É impressão minha, ou as crianças de hoje não sabem brincar?
O condomínio onde moro tem uma área de lazer com piscina infantil. O barulho que chega em meu apartamento nos finais de semana nunca é de crianças rindo ou brincando: é sempre (sempre!) de choro, de birra e de gritos de frustração. Nesses dias de sol, desci para curtir a piscina dos adultos e fazer um pouco de exercício. Passei pela área infantil e entendi o que acontece.
Aqui, em meu condomínio, é proibido os adultos entrarem na piscina das crianças, mas isso é recorrentemente ignorado. Os pais ficam dentro da piscina das crianças, segurando elas, intermediando a cada segundo os conflitos entre os pequenos, limitando seus espaços, protegendo-os de todos os males que uma manhã na piscina pode lhes causar. Acreditam que estão cuidando delas, mas estão incapacitando-as, bloqueando-as e frustrando-as. O resultado é esse: choros, birras e frustrações.
Vivi minha infância em uma década em que nossos pais nos criavam um pouco mais livres. Nem sempre era o ideal, pois ideal não existe. Sim, nossos problemas mais graves eram por vezes negligenciados. Mas o extremo oposto disso está criando uma colônia de crianças histéricas, principalmente nas grandes cidades, onde regras restritas de comportamento, convivência com os pais apenas nos finais de semana e confinamento causam sofrimento parecido com o de uma tortura.

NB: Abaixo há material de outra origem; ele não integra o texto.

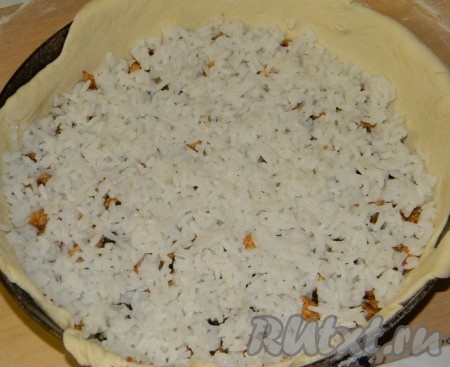 на него ровным слоем следует разложить рис,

Cinco crianças vão ao parquinho aqui do prédio. E de longe, eu e minha esposa - que é psicóloga - avaliamos os contextos. Em um momento raro, quando são colocadas para brincar em grupo, sem a mediação agressiva de um adulto - que sempre pende as decisões para a satisfação dos próprios filhos - elas se perdem, ficam sem saber o que fazer. Elas ficam se olhando frustradas e se batem, se mordem e gritam (como gritam!). Ali não há sorriso, não há traços de alegria ou de criatividade tipicamente infantil, apenas dispersão de adrenalina, oportunidade de berrar a céu aberto e de reclamar.
Não é estranho ver os consultórios de psicologia tão cheios de crianças. Os pais não conseguem entender porque as crianças estão tão violentas, tão irritadas e porque não são capazes de ser felizes mesmo com todo aparato que lhes é oferecido. Eles ficam impressionados quando descobrem que às vezes fazem demais pelos filhos: traçam planos por eles, livram-nos em demasia de seus próprios destinos, impedem-os de brincar, de seguir seus instintos e de se arriscar minimamente; instruem-nos demais, vivem a vida por eles e impõem pacotes de solução nem sempre eficazes para todos os grandes problemas da vida; impõem aos filhos os medos do mundo dos adultos e não explicam suas motivações, apenas restringem o contato deles com o novo, protegem-nos de tudo que supostamente possa lhes fazer mal e lhes negam experiência e vivência em uma época onde conhecimento sobre si e sobre o mundo significa absolutamente tudo. E quando falo de super proteção, não estou falando dos perigos evidentes e sim do risco de ser mordido por uma formiga, do risco de trepar no trepa-trepa, de brincar no balanço, de jogar futebol, de brincar de fingir, de ficar perto daquele menino que teve piolho no ano passado...
Esses pais não estão de fato presentes na vida de seus filhos: são ausentes na maioria do tempo, relegam a educação à escola e às babás e quando sobra um final de semana com os filhos, querem enguli-los, guiá-los, tirar o tempo perdido e tomar a cria só para si. Entre faltas e excessos, formaremos uma geração extremamente tecnológica, socialmente inábil e emocionalmente imatura. A mistura desses elementos na persona e seus reflexos na sociedade serão evidentes daqui a alguns anos. Só não podemos prever como é que será.
João Pedro Roriz é jornalista, escritor e arte-educador.